• _Task to complete_: The entries below are to be repeated exactly, with the pictures left out.

(Brief descriptive captions)
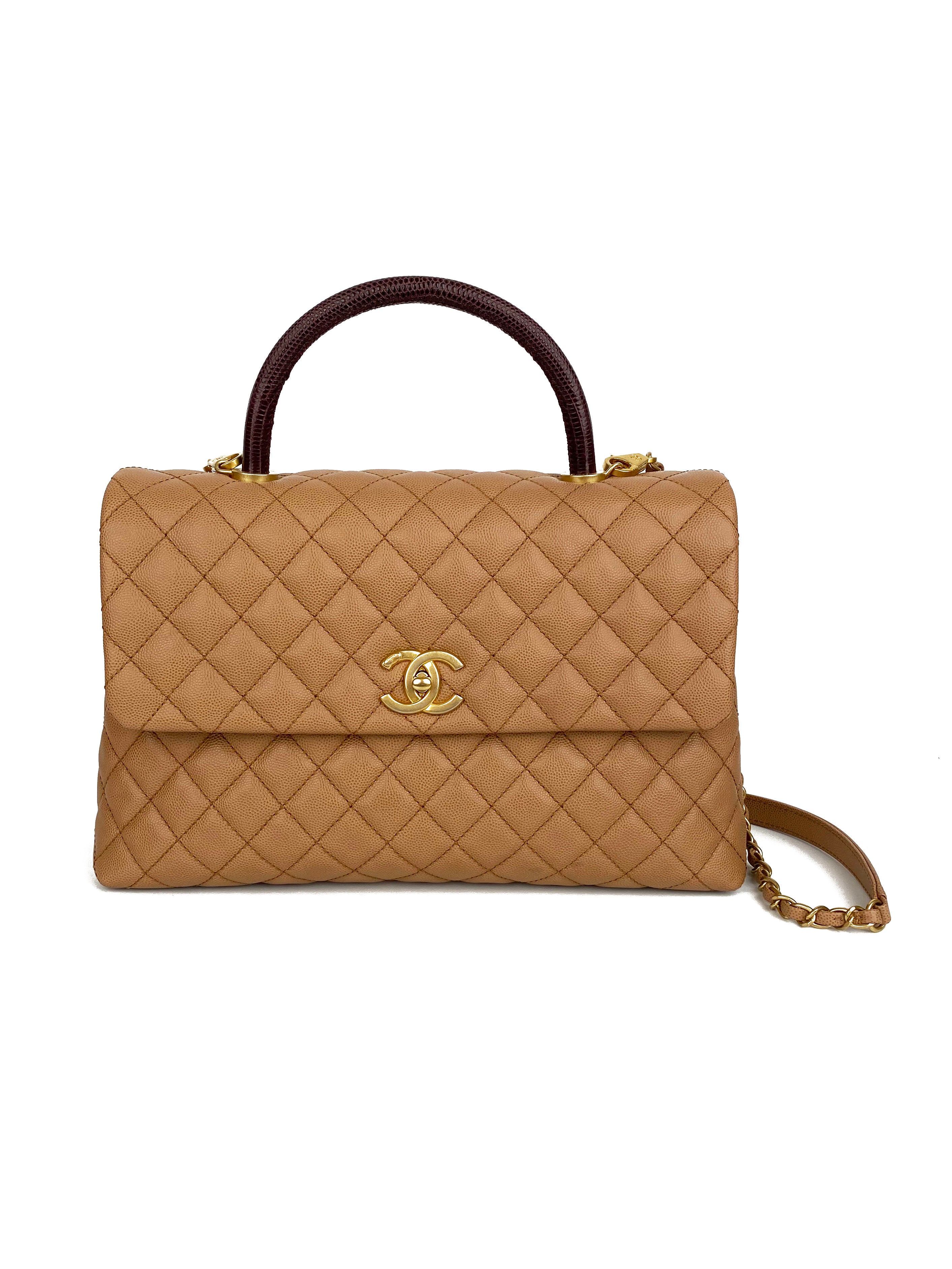 Chanel Large Beige Coco Lizard Handle Bag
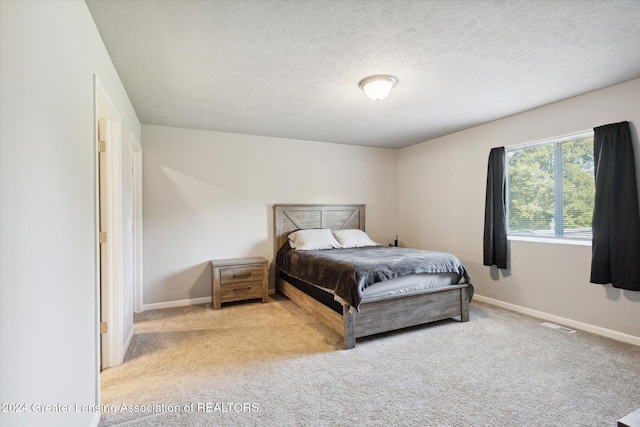 bedroom with light carpet and a textured ceiling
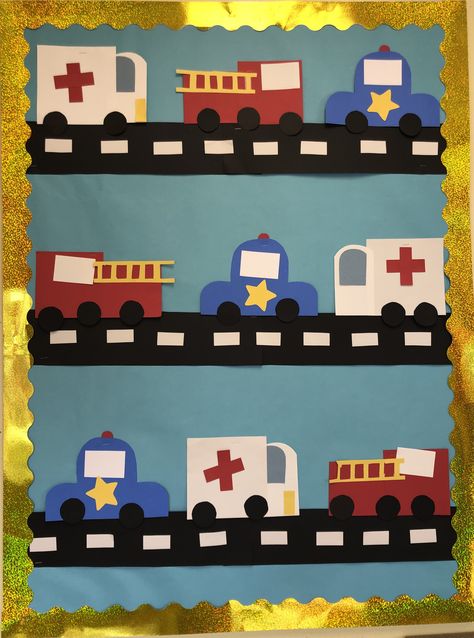 Emergency vehicles bulletin board Police Bulletin Board Ideas, Ambulance Eyfs Activities, First Responders Preschool Activities, Community Helpers Bulletin Board Ideas, Emergency Vehicles Preschool Activities, Community Helpers Bulletin Board, Preschool Transportation Crafts, Fire Safety Preschool Crafts, Preschool Community Helpers Theme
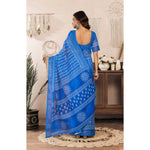 Load image into Gallery viewer, Women's Faux Linen Geometric Print Ready to wear Saree With Unstitched Blouse 5.5Mtr (Blue)
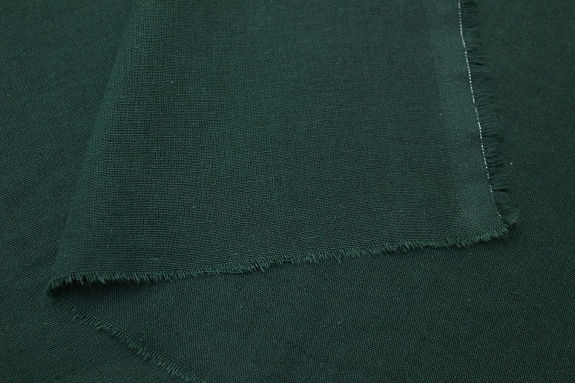 Полулен костюмный с эффектом мятости цв.Темно-можжевеловый, СОРТ2, ш.1.52м, хлопок-70%, лен-30%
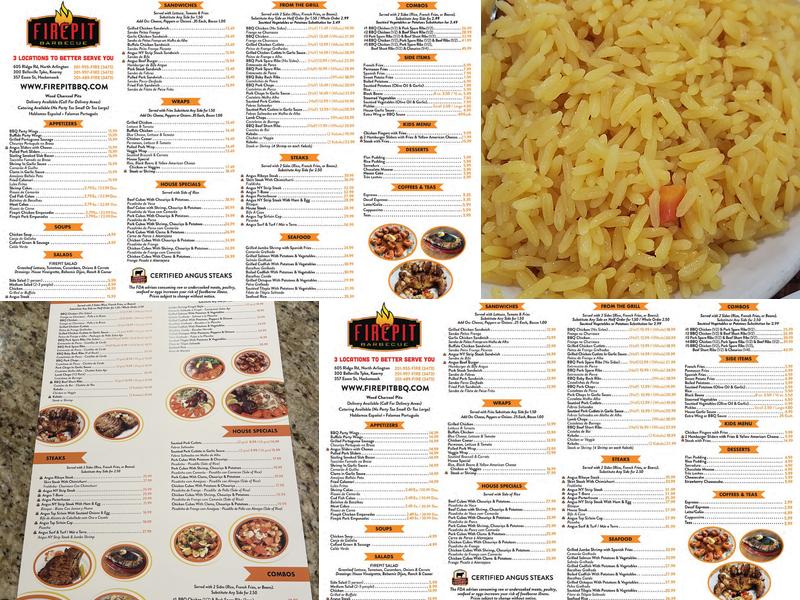 Fire Pit Barbecue Menu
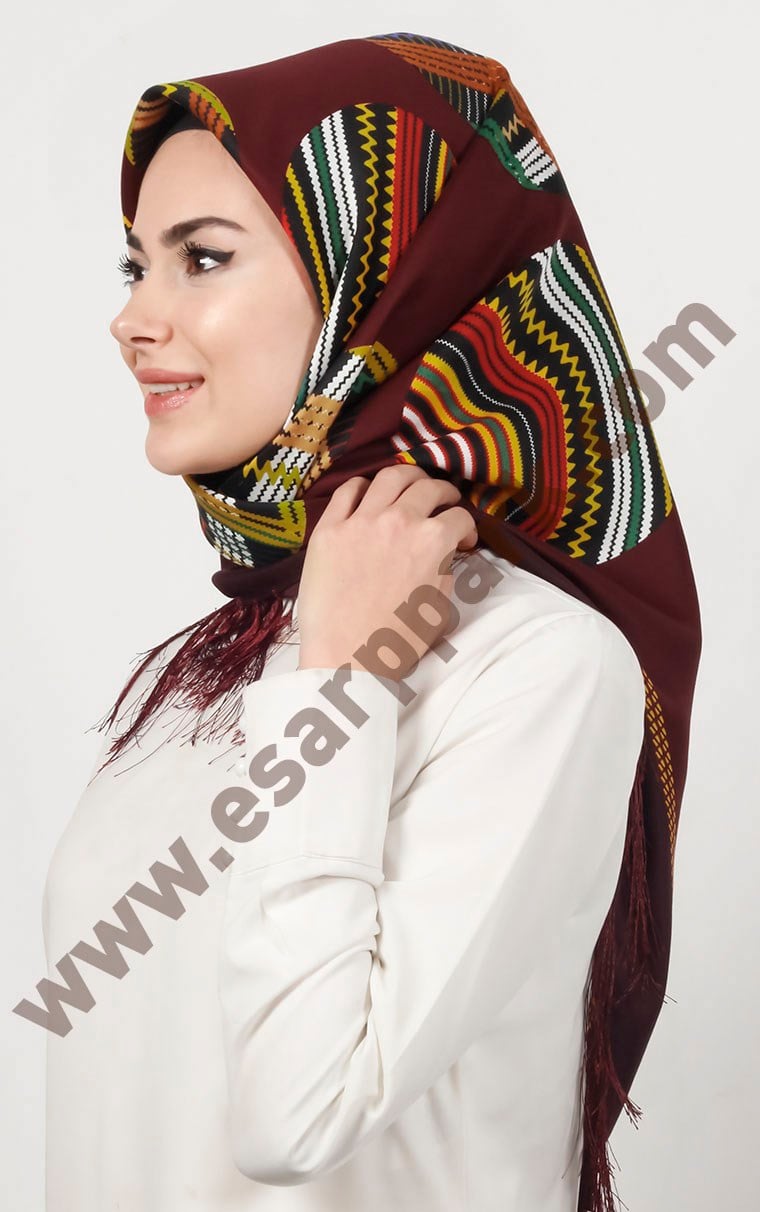 Piramit Püsküllü Eşarp 111-0023-04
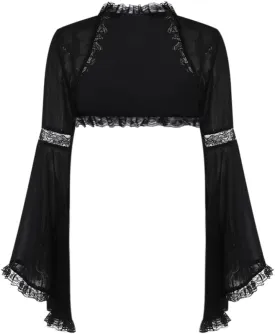 Bolero Shrug Top Trad Goth Black Shawls and Wraps for Evening Dresses Short Cardigan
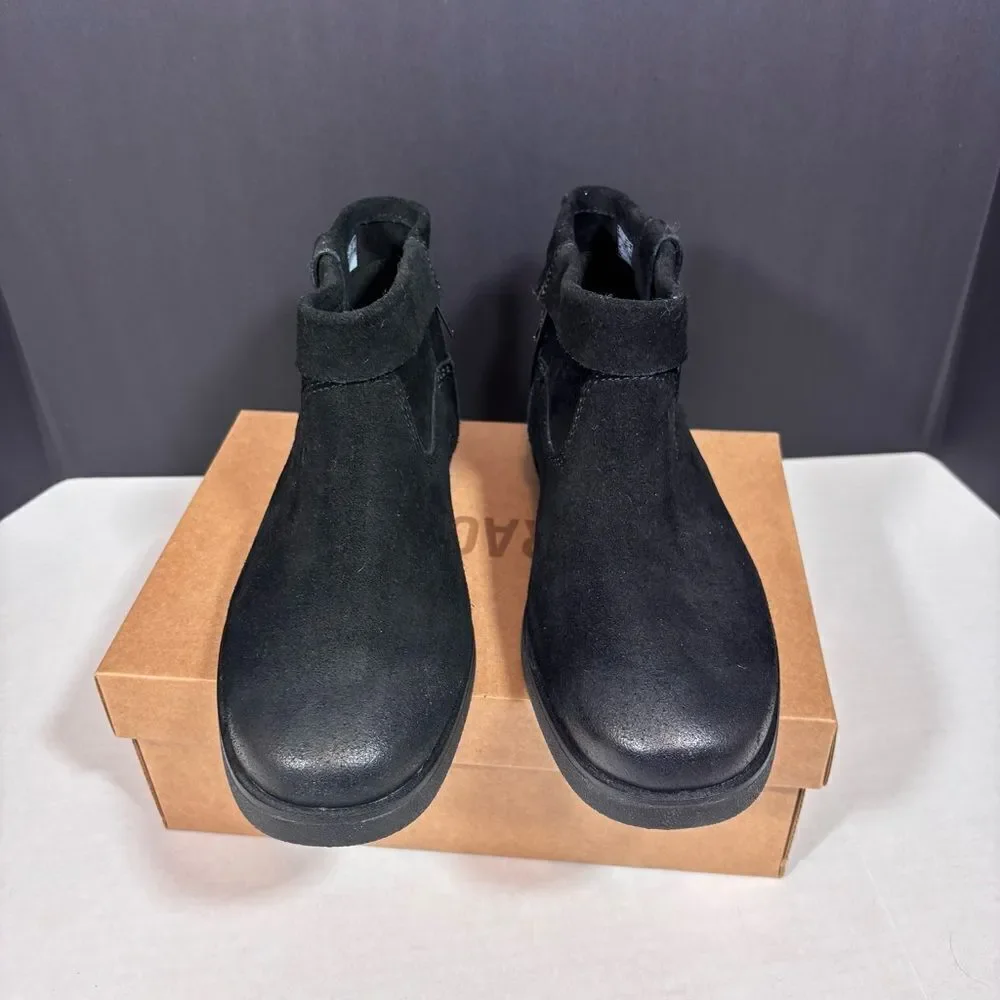 UGG Women’s Josefene Cuff Boot Black Suede Size 10 Excellent Condition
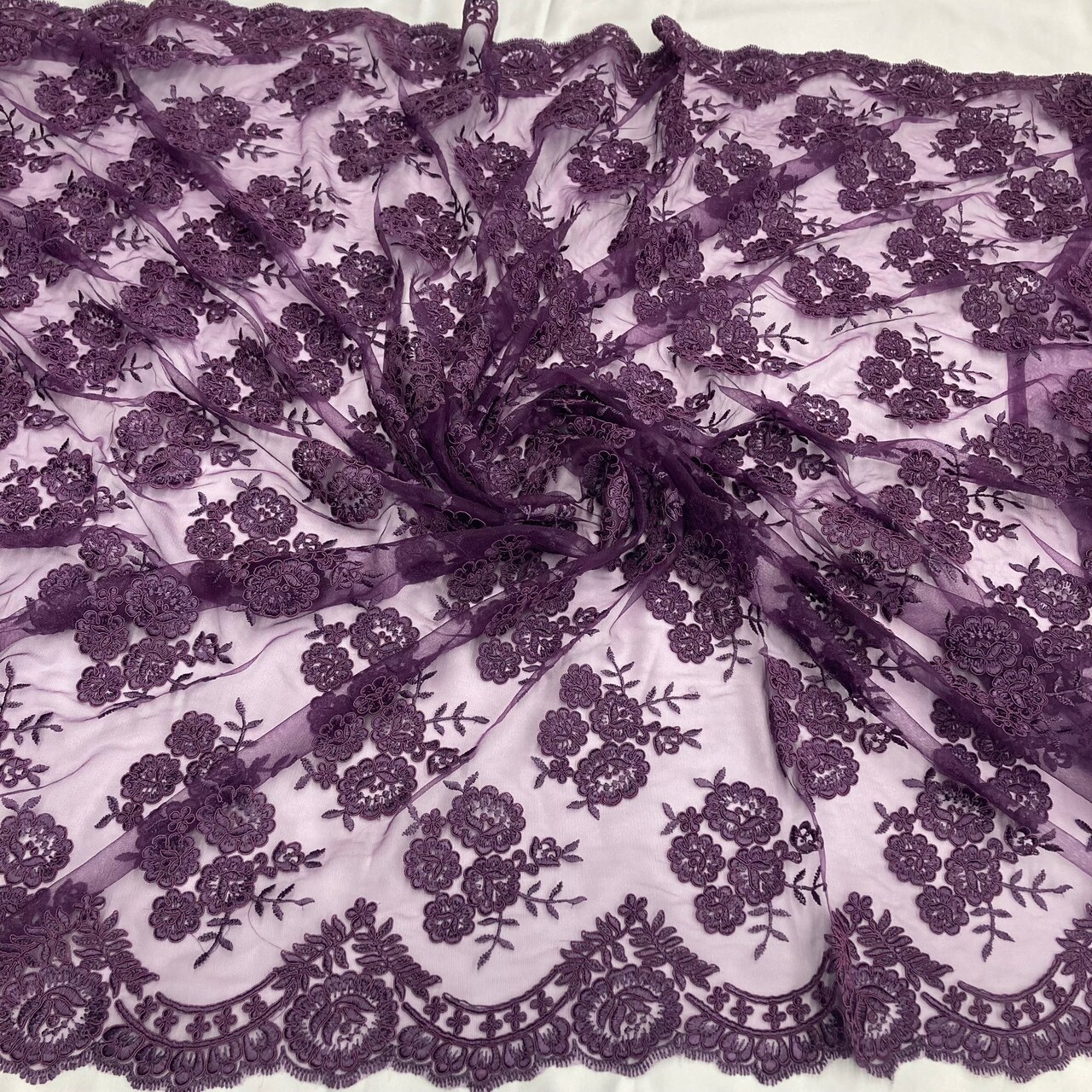 1 Yard Elegant Corded Lace Fabric Embroidered Bridal Mesh for Dresses 50" Width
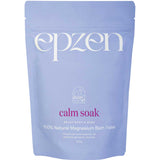 Epzen Magnesium Bath Flakes Calm Soak 500g comes in a lavender pouch with white and purple text and a bathtub illustration. It contains 100% natural magnesium flakes and essential oils for a calming bath experience.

• _Result of this task_:
 Chanel Large Beige Coco Lizard Handle Bag
 bedroom with light carpet and a textured ceiling
 Emergency vehicles bulletin board Police Bulletin Board Ideas, Ambulance Eyfs Activities, First Responders Preschool Activities, Community Helpers Bulletin Board Ideas, Emergency Vehicles Preschool Activities, Community Helpers Bulletin Board, Preschool Transportation Crafts, Fire Safety Preschool Crafts, Preschool Community Helpers Theme
 Load image into Gallery viewer, Women's Faux Linen Geometric Print Ready to wear Saree With Unstitched Blouse 5.5Mtr (Blue)
 Полулен костюмный с эффектом мятости цв.Темно-можжевеловый, СОРТ2, ш.1.52м, хлопок-70%, лен-30%
 Fire Pit Barbecue Menu
 Piramit Püsküllü Eşarp 111-0023-04
 Bolero Shrug Top Trad Goth Black Shawls and Wraps for Evening Dresses Short Cardigan
 UGG Women’s Josefene Cuff Boot Black Suede Size 10 Excellent Condition
 1 Yard Elegant Corded Lace Fabric Embroidered Bridal Mesh for Dresses 50" Width
 Epzen Magnesium Bath Flakes Calm Soak 500g comes in a lavender pouch with white and purple text and a bathtub illustration. It contains 100% natural magnesium flakes and essential oils for a calming bath experience.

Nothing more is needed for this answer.